La nuova stagione passa anche da improvvise giravolte. L’ultimo ripensamento riguarda il presidente Roberto Fico. Cinque anni fa, intransigente grillino appena eletto alla Camera, si era scagliato contro la deroga al regolamento che aveva consentito di costituire il gruppo di Fratelli di Italia, privo del numero minimo di deputati. Una decisione politica che avrebbe gravato sulle casse di Montecitorio per quasi 400 mila euro. «Una spesa davvero inutile e assurda, degna della Casta», aveva tuonato allora il pentastellato. I tempi cambiano.
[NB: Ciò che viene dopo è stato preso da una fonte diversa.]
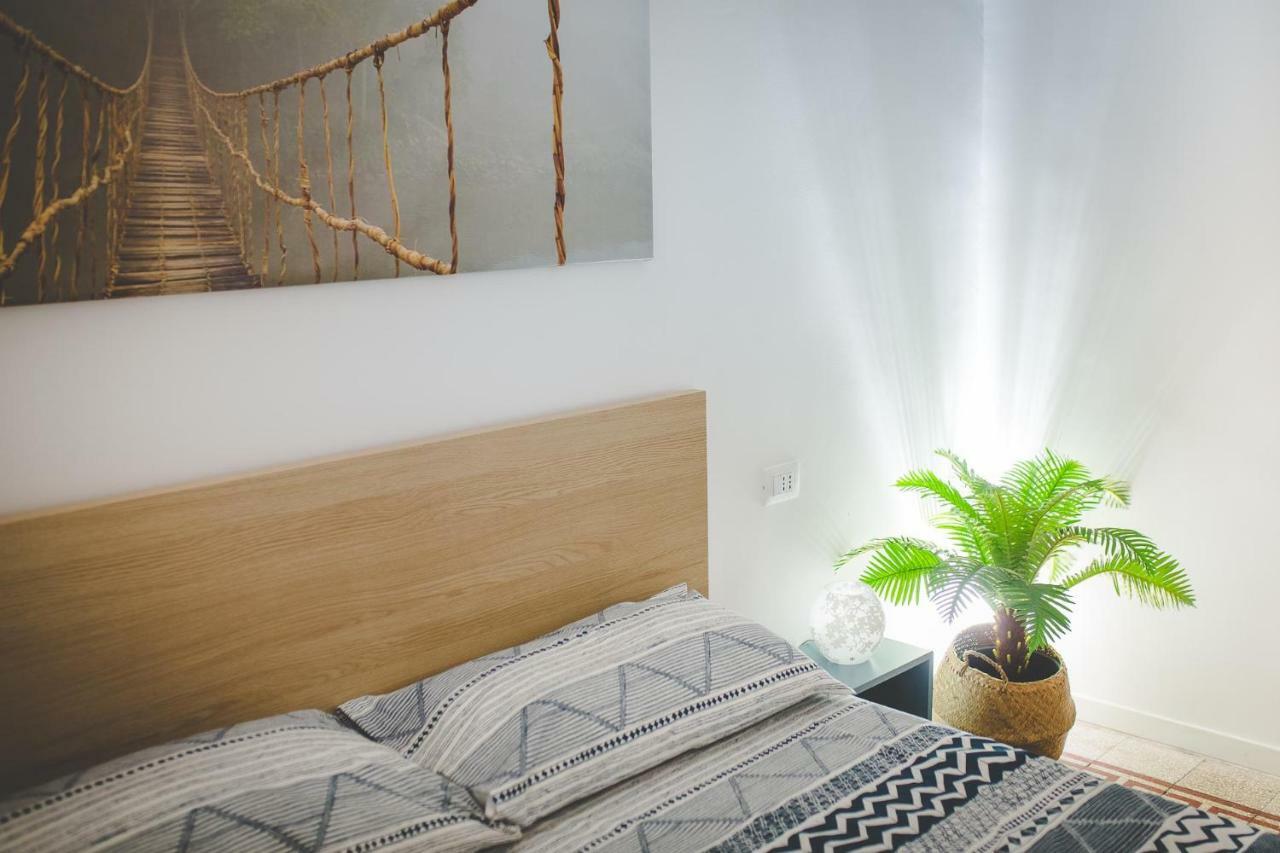 Appartement Dione Apartament à Syracuse Extérieur photo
Un paio di giorni fa Fico ha deciso di autorizzare con apposita dispensa la nascita del gruppo di Liberi e Uguali, costituto da solo quattordici deputati (ne servirebbero venti). Un cambio di posizione che non è passato inosservato. Molti esponenti del Pd hanno denunciato la decisione del presidente, ricordando ironicamente le accuse di cinque anni fa. Ma quella, si sa, era un’altra epoca.